I had no energy, had difficulty sleeping, I was anxious all the time, eating made me feel ill, and my cognitive function declined. After nine months on the merry-go-round of doctor’s appointments, specialists and tests in search of the cause, I received a diagnosis of Chronic Fatigue Syndrome.
Looking back now, the pathway to illness seems obvious, but at the time it was a complete mystery. Now, I can see that I’d been at my desk from 7am every day for years, I often worked through recess and lunch, I stayed at work into the evening, I took piles of work home, I was involved in numerous extra-curricular activities, and I consistently put the needs of my staff above my own needs.
I constantly felt tired, my body always hurt, I suffered headaches, I picked up every cold going around, I had panic attacks, my mind raced about work constantly. But all of this seemed normal, and to this day when I look at my colleagues I see many of them exhibiting the same behaviours and symptoms. Isn’t this just what being a good teacher looks like?
No. It isn’t. Or at least it shouldn’t be. Unfortunately, the educational community congratulates overworked individuals and holds them up as dedicated and hardworking, but this is fraught with danger. It is leading us to being a profession with incredibly poor overall health and wellbeing.
For the past six years, I have focused on my recovery and achieved my goal of returning to full-time work. During this time, I’ve learned an incredible amount about what it takes to be a well person, and a well teacher. As a result, I am a better teacher and a better person. Here are three key ideas that sum up a lot of what sustains my health now.

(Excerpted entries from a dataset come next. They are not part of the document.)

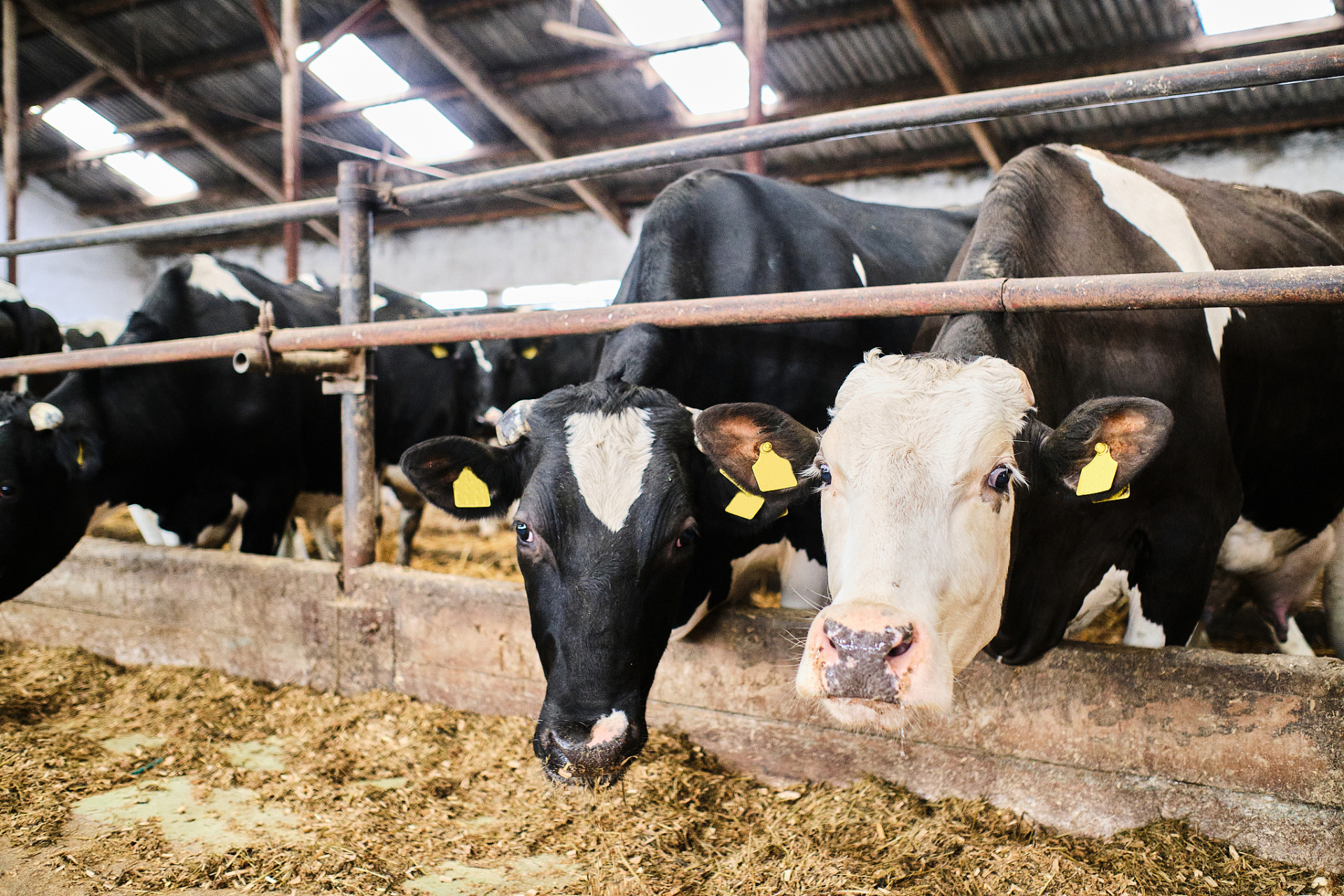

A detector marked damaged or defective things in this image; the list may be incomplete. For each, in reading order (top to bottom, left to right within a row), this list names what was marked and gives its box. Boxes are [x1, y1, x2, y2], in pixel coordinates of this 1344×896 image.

rusty metal pipe [0, 46, 1338, 258]
rusty metal pipe [234, 346, 354, 376]
rusty metal pipe [0, 265, 1338, 379]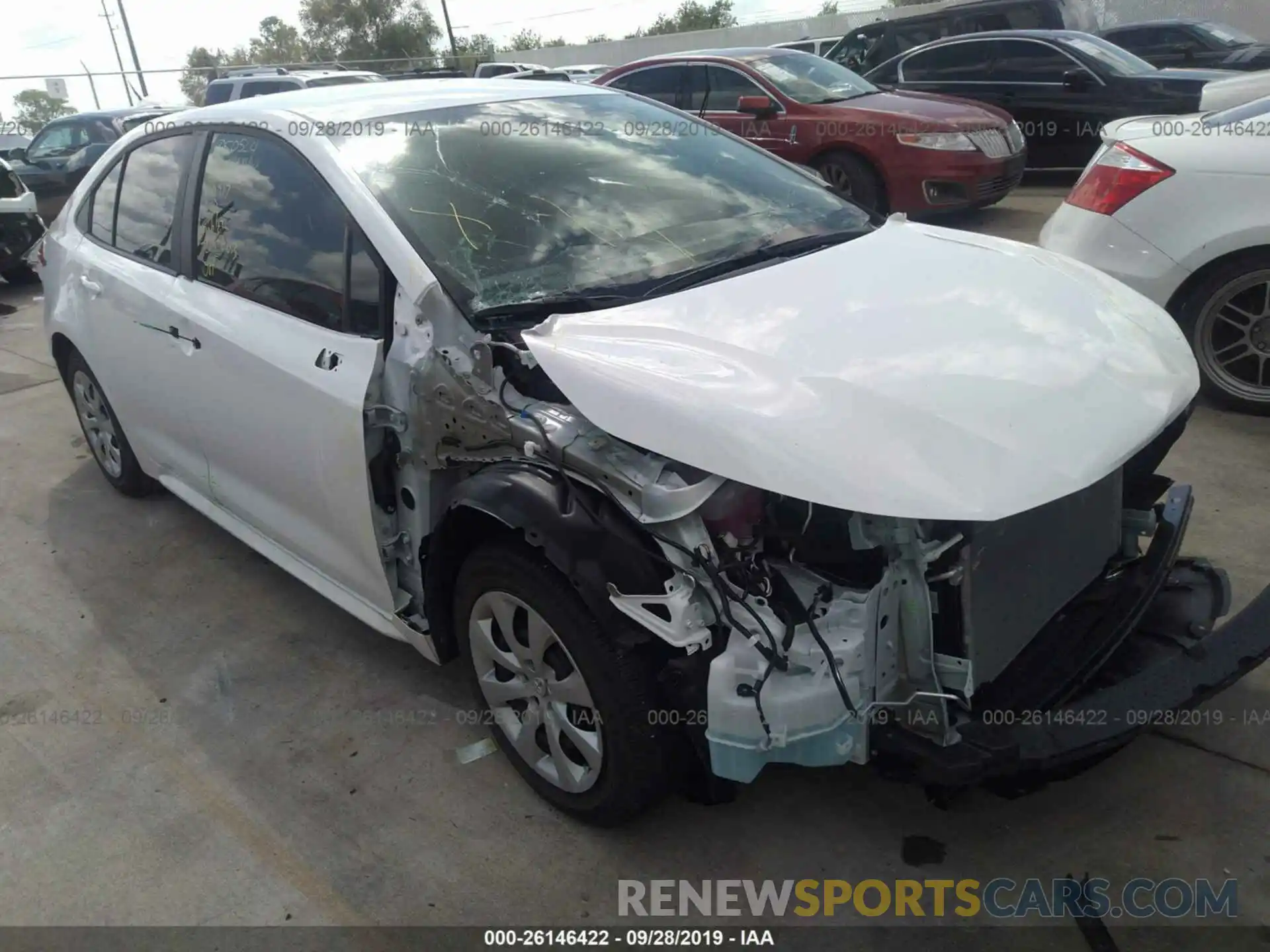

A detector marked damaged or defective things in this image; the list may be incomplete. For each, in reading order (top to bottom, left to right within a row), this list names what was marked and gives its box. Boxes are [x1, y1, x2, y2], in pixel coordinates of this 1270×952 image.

shattered windshield [330, 93, 873, 325]
white damaged sedan [40, 81, 1270, 822]
crumpled car hood [523, 219, 1199, 523]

Today, I try to live and work by the motto, ‘do less more deeply’. I’m done with the days of spreading myself too thin. At home and at work, I commit to less and this enables me to be fully present and focused on the things I do commit to. I stop for recess and lunch every day. I enjoy taking breaks from my desk to shoot hoops with colleagues. I listen to music or podcasts in the car on the way home to wind my mind down from the day.
Do things you enjoy
One of the strategies that keeps me most well these days is spending more time on the things I enjoy. At the moment, the things that ‘fill my energy bucket’ are swimming, stand up paddle boarding, drumming, camping, Pilates and spending quality time with friends. Earlier in my recovery, I used to prioritise work and give up the things I enjoyed so as to have enough energy to be able to do my job. However, I quickly found that ‘bucket filling’ activities don’t drain energy, they put it in. I now have more energy for work because of the energy I gain doing the things I love as often as I can.
Pay attention to diet
Eating a wholefoods diet, drinking enough water, limiting alcohol and taking naturopath prescribed supplements has certainly helped me in my recovery, and now gives me enough energy for all the things I want to do. However, food and drink make up only part of our diet. My psychologist has also helped me attune to my emotional diet; the things and people who bring about positive energy and emotion in my life. I also attend to my sensory diet: limiting screen time, surrounding myself with music, and using essential oils.